Paul John Buckmaster (13 June 1946 – 7 November 2017) was a Grammy Award-winning British cellist, arranger, conductor and composer, with a career spanning five decades.

He is best known for his orchestral collaborations with David Bowie, Shawn Phillips, Elton John, Harry Nilsson, The Rolling Stones, Carly Simon, Leonard Cohen, Miles Davis, and the Grateful Dead in the 1970s, followed by his contributions to the recordings of many other artists, including Stevie Nicks, Lionel Richie, Celine Dion, Carrie Underwood, Kenny Rogers, Guns N’ Roses, Taylor Swift, Something Corporate, Train,  and Heart.

Early life
Paul Buckmaster was born in London on 13 June 1946. His father, John Caravoglia Buckmaster, was an English actor and his mother, Ermenegilda ("Gilda") Maltese, was an Italian concert pianist and graduate of the Naples Conservatory of Music.

At age four, Buckmaster started attending a small private school in London called the London Violoncello School, and continued studying cello under several private teachers until he was ten.

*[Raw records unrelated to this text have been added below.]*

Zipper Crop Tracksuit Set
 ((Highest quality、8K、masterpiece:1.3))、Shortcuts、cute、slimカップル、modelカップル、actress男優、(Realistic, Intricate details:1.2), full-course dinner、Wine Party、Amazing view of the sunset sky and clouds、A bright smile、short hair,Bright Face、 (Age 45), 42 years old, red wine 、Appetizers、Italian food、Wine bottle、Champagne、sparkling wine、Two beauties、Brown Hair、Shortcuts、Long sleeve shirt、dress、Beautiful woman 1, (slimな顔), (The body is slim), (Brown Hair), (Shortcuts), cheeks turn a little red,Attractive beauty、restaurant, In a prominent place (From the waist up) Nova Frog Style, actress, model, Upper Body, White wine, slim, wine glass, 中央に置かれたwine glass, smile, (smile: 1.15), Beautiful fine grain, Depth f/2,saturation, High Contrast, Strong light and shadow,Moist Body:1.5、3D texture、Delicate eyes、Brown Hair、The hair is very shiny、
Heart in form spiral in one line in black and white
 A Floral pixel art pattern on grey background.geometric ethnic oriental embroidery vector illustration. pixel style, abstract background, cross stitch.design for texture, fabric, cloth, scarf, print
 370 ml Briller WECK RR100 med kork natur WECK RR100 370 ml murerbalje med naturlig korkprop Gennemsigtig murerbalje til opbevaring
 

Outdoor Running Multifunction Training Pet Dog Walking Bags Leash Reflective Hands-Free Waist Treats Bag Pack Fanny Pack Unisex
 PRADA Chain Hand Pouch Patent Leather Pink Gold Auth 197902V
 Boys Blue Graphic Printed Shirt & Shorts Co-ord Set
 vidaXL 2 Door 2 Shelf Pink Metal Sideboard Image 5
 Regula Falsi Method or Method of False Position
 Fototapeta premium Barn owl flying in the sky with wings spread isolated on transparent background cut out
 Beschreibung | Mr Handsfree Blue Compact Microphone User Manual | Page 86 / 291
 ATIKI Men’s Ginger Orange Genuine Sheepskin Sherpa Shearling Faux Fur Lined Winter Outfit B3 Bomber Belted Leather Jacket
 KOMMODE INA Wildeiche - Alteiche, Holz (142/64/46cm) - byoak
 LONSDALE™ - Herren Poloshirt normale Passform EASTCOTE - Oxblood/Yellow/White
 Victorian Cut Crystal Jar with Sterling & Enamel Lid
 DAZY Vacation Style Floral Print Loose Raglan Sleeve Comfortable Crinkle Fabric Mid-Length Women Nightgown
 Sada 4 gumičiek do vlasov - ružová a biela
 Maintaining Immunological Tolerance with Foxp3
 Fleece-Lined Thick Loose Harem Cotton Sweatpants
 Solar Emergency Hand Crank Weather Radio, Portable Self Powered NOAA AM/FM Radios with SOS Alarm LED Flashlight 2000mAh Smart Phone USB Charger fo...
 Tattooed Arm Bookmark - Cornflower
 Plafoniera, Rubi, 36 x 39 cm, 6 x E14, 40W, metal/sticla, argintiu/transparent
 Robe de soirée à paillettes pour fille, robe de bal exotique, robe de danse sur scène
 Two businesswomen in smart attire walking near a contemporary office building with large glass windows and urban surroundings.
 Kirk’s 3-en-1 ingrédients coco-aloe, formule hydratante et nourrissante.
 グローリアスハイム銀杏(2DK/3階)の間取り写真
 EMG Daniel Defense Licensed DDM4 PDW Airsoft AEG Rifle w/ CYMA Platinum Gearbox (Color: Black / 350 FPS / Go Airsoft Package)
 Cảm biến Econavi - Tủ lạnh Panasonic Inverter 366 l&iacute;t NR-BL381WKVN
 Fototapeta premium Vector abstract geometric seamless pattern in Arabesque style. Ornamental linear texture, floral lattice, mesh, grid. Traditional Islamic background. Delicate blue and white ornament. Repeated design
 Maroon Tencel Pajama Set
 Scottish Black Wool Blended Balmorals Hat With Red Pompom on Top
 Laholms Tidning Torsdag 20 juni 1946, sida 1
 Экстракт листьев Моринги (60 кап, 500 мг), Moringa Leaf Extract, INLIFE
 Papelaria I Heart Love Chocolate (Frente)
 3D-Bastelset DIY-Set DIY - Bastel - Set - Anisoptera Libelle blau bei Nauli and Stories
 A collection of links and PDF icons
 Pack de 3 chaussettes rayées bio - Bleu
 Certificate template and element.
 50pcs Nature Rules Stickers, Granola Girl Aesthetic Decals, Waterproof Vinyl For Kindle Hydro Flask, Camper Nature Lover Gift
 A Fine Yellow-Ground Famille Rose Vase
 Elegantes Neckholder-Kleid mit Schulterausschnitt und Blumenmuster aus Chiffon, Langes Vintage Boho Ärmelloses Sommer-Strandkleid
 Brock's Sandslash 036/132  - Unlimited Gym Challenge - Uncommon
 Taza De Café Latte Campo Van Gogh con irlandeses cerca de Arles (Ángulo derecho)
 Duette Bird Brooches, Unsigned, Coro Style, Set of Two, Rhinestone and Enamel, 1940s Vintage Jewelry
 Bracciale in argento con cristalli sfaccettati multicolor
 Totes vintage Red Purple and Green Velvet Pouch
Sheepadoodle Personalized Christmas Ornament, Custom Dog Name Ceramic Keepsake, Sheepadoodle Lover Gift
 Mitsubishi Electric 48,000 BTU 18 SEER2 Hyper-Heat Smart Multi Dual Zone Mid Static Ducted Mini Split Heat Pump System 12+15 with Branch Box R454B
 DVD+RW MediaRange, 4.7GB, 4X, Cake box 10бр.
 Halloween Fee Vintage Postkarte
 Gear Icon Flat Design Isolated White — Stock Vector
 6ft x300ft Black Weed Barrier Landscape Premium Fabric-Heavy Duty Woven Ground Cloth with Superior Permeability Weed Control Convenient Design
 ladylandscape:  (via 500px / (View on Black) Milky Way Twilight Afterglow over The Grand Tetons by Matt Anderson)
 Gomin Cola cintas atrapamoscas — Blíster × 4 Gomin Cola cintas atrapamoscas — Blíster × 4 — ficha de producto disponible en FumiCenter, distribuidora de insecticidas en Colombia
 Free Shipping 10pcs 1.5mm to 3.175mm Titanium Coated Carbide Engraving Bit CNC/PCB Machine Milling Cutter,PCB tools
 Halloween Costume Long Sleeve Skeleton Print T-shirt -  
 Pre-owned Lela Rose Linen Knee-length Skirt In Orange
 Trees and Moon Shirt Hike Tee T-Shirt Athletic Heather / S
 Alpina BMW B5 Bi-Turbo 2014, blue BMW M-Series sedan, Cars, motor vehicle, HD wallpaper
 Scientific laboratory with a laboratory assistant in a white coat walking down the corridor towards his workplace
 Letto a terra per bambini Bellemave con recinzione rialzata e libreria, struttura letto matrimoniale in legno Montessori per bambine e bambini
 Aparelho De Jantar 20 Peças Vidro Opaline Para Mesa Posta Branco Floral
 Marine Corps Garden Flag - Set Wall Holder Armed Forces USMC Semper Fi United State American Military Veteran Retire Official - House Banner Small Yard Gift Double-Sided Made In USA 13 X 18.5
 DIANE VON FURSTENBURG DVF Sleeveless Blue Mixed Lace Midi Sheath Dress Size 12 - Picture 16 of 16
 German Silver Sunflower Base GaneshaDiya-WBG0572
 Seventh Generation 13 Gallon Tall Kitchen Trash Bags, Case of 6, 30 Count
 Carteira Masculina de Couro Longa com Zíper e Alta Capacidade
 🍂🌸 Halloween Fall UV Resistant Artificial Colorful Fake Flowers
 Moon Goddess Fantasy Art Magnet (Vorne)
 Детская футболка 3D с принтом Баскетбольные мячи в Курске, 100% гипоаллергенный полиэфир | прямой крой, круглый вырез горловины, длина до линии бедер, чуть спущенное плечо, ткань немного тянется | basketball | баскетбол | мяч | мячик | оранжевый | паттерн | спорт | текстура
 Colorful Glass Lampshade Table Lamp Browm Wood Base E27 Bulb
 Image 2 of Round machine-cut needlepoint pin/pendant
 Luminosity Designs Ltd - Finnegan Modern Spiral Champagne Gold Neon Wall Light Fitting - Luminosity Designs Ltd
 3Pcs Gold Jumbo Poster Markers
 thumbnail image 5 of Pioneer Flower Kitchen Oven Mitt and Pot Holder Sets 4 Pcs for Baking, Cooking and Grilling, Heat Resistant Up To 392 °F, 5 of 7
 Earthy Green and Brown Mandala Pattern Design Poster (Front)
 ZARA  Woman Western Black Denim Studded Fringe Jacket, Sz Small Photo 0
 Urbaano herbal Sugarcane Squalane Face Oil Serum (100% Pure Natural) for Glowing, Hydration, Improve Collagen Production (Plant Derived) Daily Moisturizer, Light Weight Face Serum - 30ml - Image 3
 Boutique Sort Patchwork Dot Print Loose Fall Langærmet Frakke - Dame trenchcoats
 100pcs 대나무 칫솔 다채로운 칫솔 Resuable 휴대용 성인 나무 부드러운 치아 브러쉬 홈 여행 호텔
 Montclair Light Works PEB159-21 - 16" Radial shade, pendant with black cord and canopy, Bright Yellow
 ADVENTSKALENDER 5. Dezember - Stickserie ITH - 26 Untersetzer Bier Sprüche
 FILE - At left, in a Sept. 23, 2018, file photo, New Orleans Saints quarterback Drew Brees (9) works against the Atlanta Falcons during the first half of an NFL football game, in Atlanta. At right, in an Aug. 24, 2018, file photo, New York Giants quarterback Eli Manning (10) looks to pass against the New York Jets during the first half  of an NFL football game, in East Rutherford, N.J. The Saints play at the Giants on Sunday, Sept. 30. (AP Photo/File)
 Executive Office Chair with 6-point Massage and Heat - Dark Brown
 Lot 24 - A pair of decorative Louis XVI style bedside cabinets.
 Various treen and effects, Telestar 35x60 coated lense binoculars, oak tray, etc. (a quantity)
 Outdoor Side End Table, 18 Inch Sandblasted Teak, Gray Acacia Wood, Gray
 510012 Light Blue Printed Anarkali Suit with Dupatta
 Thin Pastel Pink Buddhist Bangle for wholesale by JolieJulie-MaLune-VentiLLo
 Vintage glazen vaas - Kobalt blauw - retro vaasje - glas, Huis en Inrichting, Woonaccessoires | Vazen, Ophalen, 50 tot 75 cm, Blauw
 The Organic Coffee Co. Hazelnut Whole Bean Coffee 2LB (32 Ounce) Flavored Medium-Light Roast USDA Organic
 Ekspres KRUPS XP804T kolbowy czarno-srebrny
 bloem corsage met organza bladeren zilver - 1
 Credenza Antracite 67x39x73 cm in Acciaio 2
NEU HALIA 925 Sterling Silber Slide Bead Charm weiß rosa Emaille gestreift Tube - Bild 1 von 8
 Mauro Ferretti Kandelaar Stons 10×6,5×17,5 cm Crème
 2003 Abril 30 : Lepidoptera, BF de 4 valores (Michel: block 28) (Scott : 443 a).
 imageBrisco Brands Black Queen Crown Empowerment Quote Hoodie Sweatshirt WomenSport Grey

In 1957, his mother took him and his two siblings to Naples, where he auditioned with cello professor Willy La Volpe, to be assessed as eligible for a scholarship. From 1958 to 1962 he divided his time between studying music in Naples and working for his GCEs in London, then won a scholarship to study the cello at the Royal Academy of Music, from which he graduated with a performance diploma in 1967.

Career

Studio work
Buckmaster displayed professional mastery as a cellist. After leading a small orchestral group during a two-month tour with the Bee Gees in 1968, he started his career as an orchestral arranger on various hit songs, including David Bowie's "Space Oddity" (1969),
and contributed orchestral collaborations on a number of early albums by Elton John (1969–72), as well as on the songs "Sway" and "Moonlight Mile" on The Rolling Stones' album Sticky Fingers (1971). Buckmaster contributed string and horn arrangements to Leonard Cohen's 1971 album, Songs of Love and Hate. He also helped Miles Davis with the preparation of On the Corner (1972) and wrote the arrangements for the studio sessions, in which he also participated, at Davis' request, by humming bass lines and rhythms to lead the musicians. These arrangements were often used as a starting point to be transformed until what was being played bore no resemblance to what he had written. This was in keeping with the Stockhausian approach that Buckmaster and Davis had discussed in the weeks leading up to the session.

Film work
Buckmaster wrote some instrumental tracks for Harry Nilsson's film Son of Dracula (1974). He also played with Bowie and his band in the recordings for the original soundtrack to the science fiction film The Man Who Fell to Earth (1976), in which Bowie starred as Thomas Jerome Newton. Buckmaster stated in Mojo magazine's feature "60 Years of Bowie", that he had played cello on the original soundtrack recordings, on which Carlos Alomar, J. Peter Robinson and others were also included:

Later, the film's director Nicolas Roeg decided not to use the recordings but rather existing songs as the soundtrack for the movie.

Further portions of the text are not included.